■ TASK DESCRIPTION: Output the whole listing exactly, with no pictures.
━━ RECORDED INFORMATION ━━
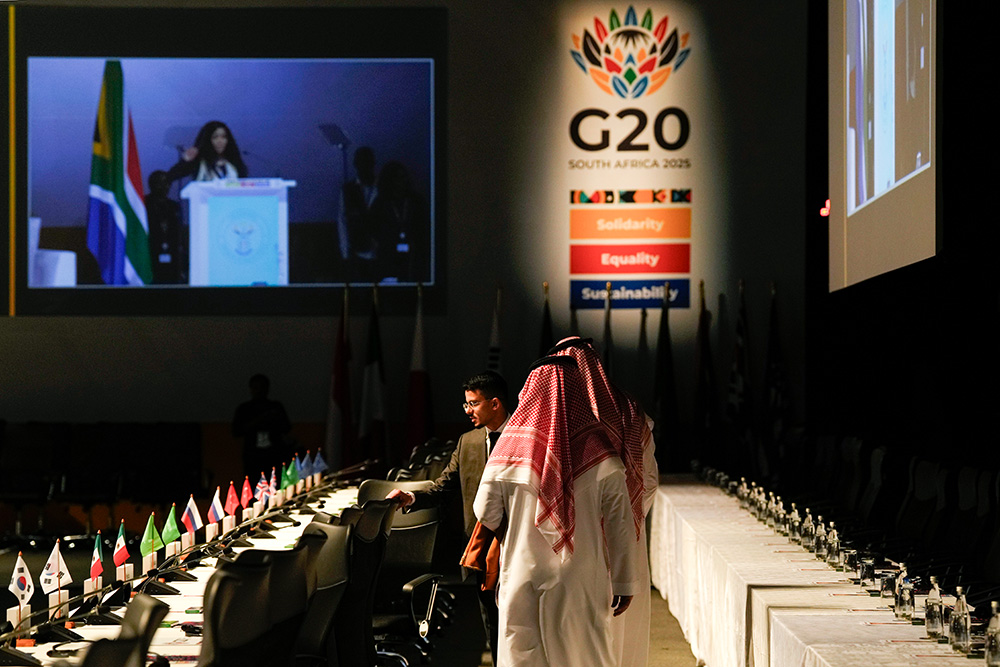 Delegates arrive at the G20 Finance Ministers and Central Bank Governors meeting in Cape Town, South Africa, Feb. 26, 2025. (AP/Nardus Engelbrecht)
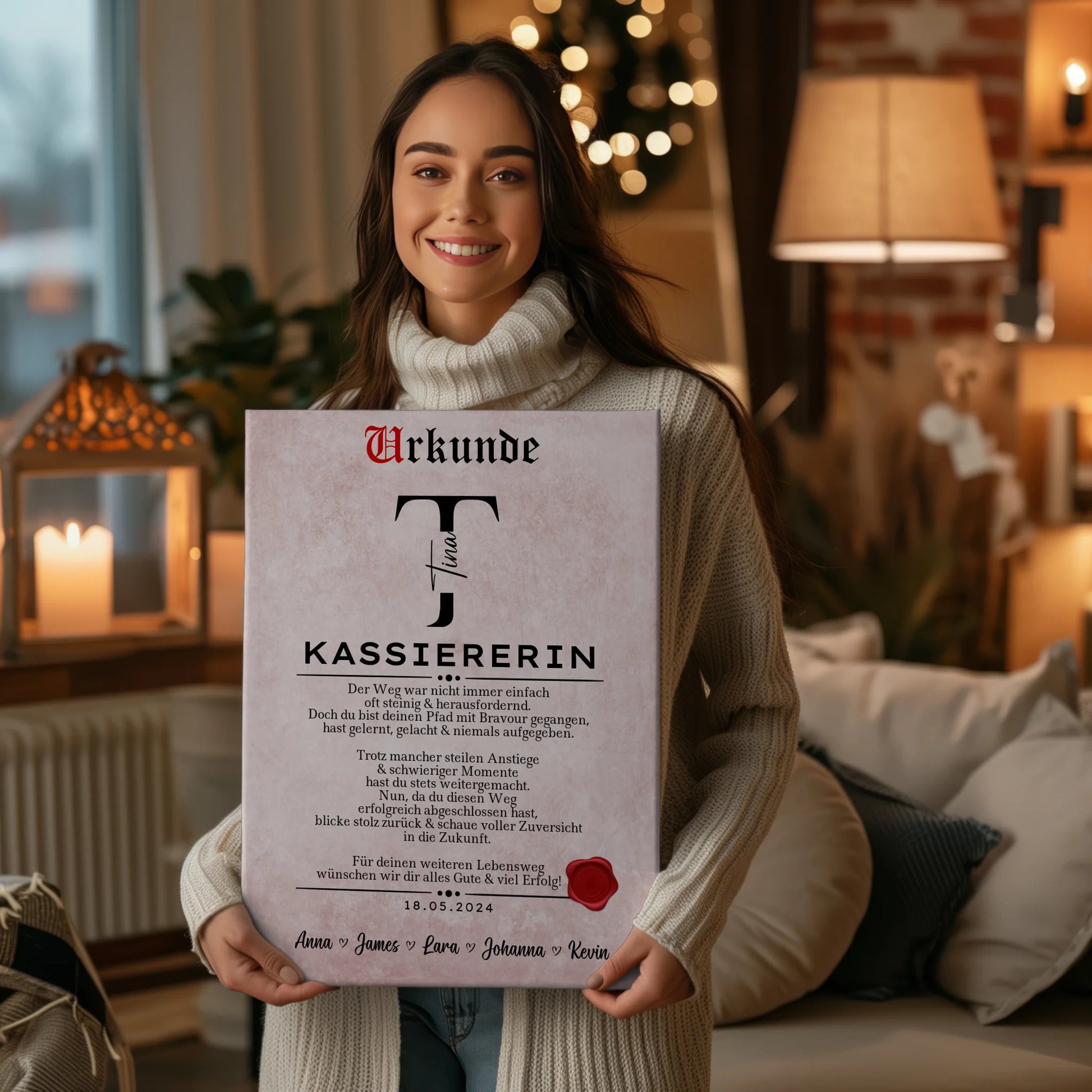 Ausbildungsabschluss Geschenk Kassiererin Leinwand Urkunde 2
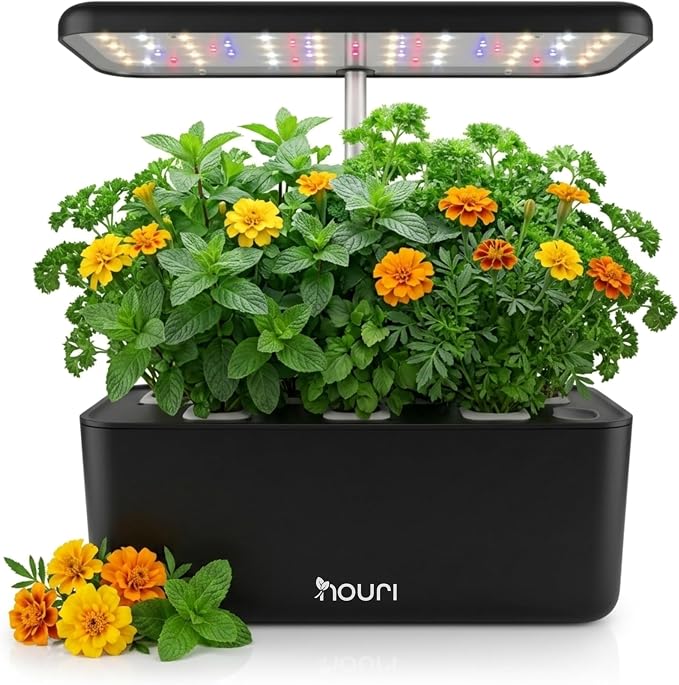 Nouri Hydroponics Growing System, 7 pod Smart Indoor Herb Garden Kit with LED Grow Lights, Hydroponic Herb Garden Indoor for Plant Lovers, Gardeners, Kitchen, Basil Seeds Included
━━━
■ PROBLEM SOLUTION:
 Delegates arrive at the G20 Finance Ministers and Central Bank Governors meeting in Cape Town, South Africa, Feb. 26, 2025. (AP/Nardus Engelbrecht)
 Ausbildungsabschluss Geschenk Kassiererin Leinwand Urkunde 2
 Nouri Hydroponics Growing System, 7 pod Smart Indoor Herb Garden Kit with LED Grow Lights, Hydroponic Herb Garden Indoor for Plant Lovers, Gardeners, Kitchen, Basil Seeds Included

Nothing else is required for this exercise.